US 12,405,874 B2
Method and system for detecting anomaly by using grouped artificial intelligence models trained to detect an anomaly in a detection target
Ju Ho Lee, Seoul (KR); Jae Moo Hur, Seoul (KR); Dae Kyung Kim, Seoul (KR); and Hwa Young Kim, Seoul (KR)
Assigned to SAMSUNG SDS CO., LTD., Seoul (KR)
Filed by SAMSUNG SDS CO., LTD., Seoul (KR)
Filed on Jun. 29, 2023, as Appl. No. 18/216,195.
Claims priority of application No. 10-2022-0084328 (KR), filed on Jul. 8, 2022.

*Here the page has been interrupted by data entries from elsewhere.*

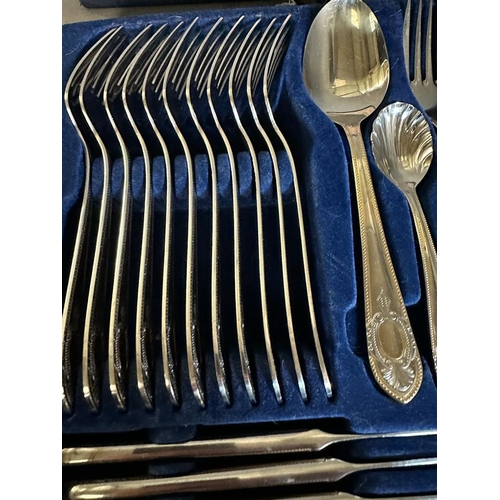 418 - A twelve place setting canteen of cutlery by SBS in a blue leather case.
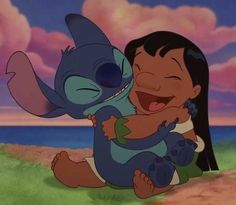 lili and stitch hugging each other in front of the ocean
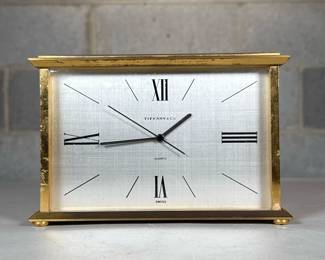 Tiffany & Co. Brass Desk Clock | Swiss made quartz clock with Roman numeral markers
Dimensions: h. 4.5 x w. 7 x d. 2.75 in
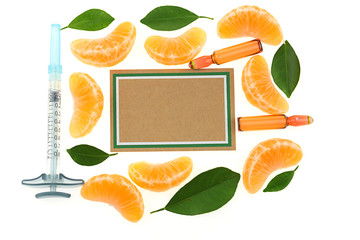 Wall Mural - vitamin C Mock up. ampoules with vitamin C, syringe, slices  mandarin and brown paper board on white background. Serum with Vitamin C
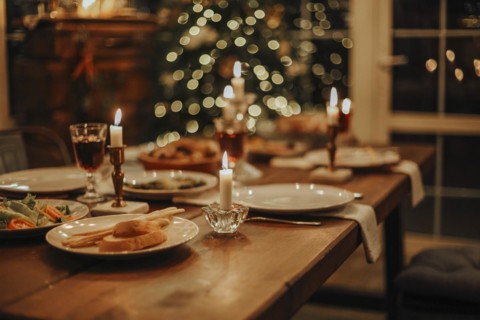 Christmas dinner. The Christmas table is served with a duck, decorated with bright tinsel and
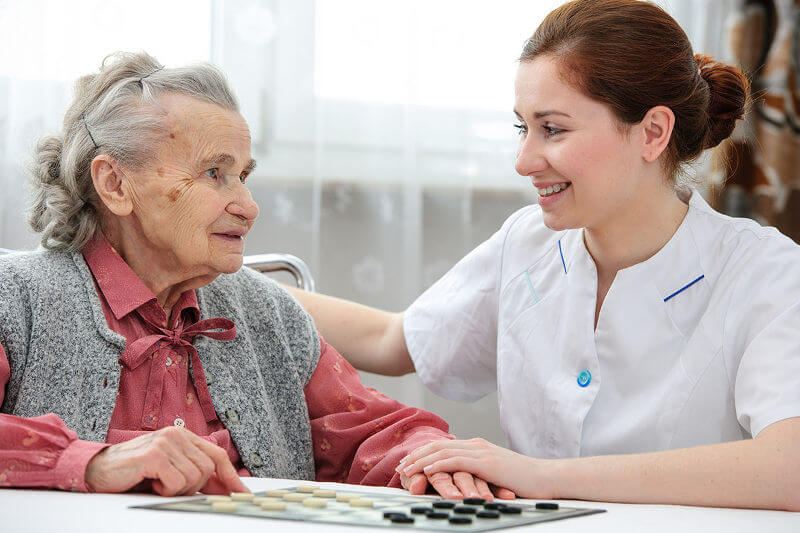 Senior woman playing checkers with a nurse in a retirement home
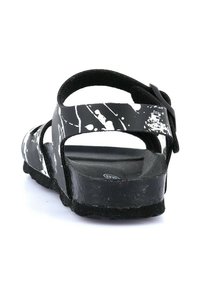 Sandali neri con motivo a macchie bianche, molteplici cinturini e una fibbia robusta. Presentano una suola testurizzata e un plantare sagomato.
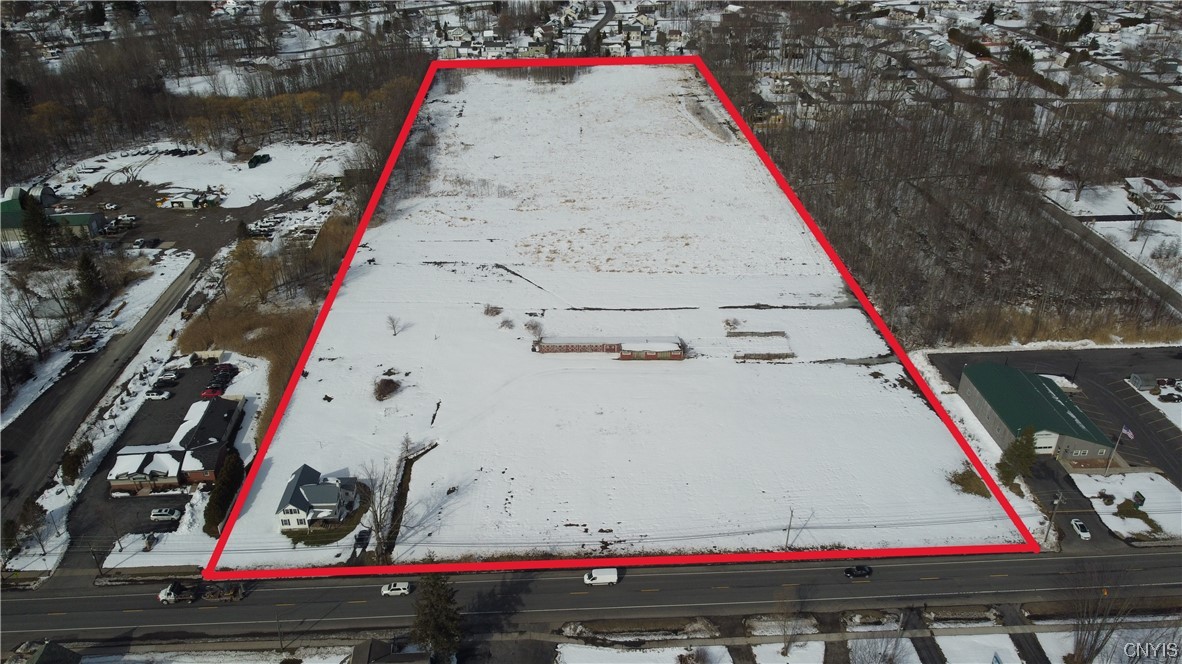 Wow! 15 Acres of prime commercially zoned Real Estate on State Route 31 in the heart of the Cicero just 4 miles from the Micron Microchip manufacturing plant and a quarter mile from CNS High School and Cicero Elementary School (the largest school district in Syracuse). This extremely flat 15 acre lot is zoned commercial, but could easily be subdivided into a commercial road facing lot with residential zoning behind it for a townhouse development or luxury housing! With an estimated daily traffic count of 12,796 on the 504 feet of NY-31 frontage, this lot sees among the most traffic in all of North Syracuse and that will only go up as Micron breaks ground! Don’t miss your chance to develop some of the most prime Real Estate is all of Upstate, NY!

(If navigating using Google Maps, use 6100 NY-31, Cicero, NY 13039 and it is the lot is across the street)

Prior Publication US 2024/0012734 A1, Jan. 11, 2024
Int. Cl. G06F 11/34 (2006.01)
CPC G06F 11/3447 (2013.01) 14 Claims
OG exemplary drawing
 
1. A method performed by a computing system for detecting an anomaly comprising:
obtaining a plurality of models trained to detect an anomaly for different monitoring items, wherein input data of the plurality of models include at least one identification field for identifying an anomaly detection target;
forming at least one model group by grouping models having a common identification field in the input data among the plurality of models; and
detecting an anomaly of a detection target identified by a common identification field of a model group based on a combination of detection results of the model group, in which in which a detection result of each model of the model group is multiplied by a corresponding weight,
wherein the detection target is associated with a target system that provides a plurality of services to a user, and
wherein a weight of each model is determined in a manner such that a greater value is determined, as the weight, based on an anomaly detection time falling within a main usage time interval, which is determined in advance as having a higher usage rate for a service associated with a corresponding model, and a lower value is determined, as the weight, based on the anomaly detection time falling outside the main usage time interval of the corresponding model.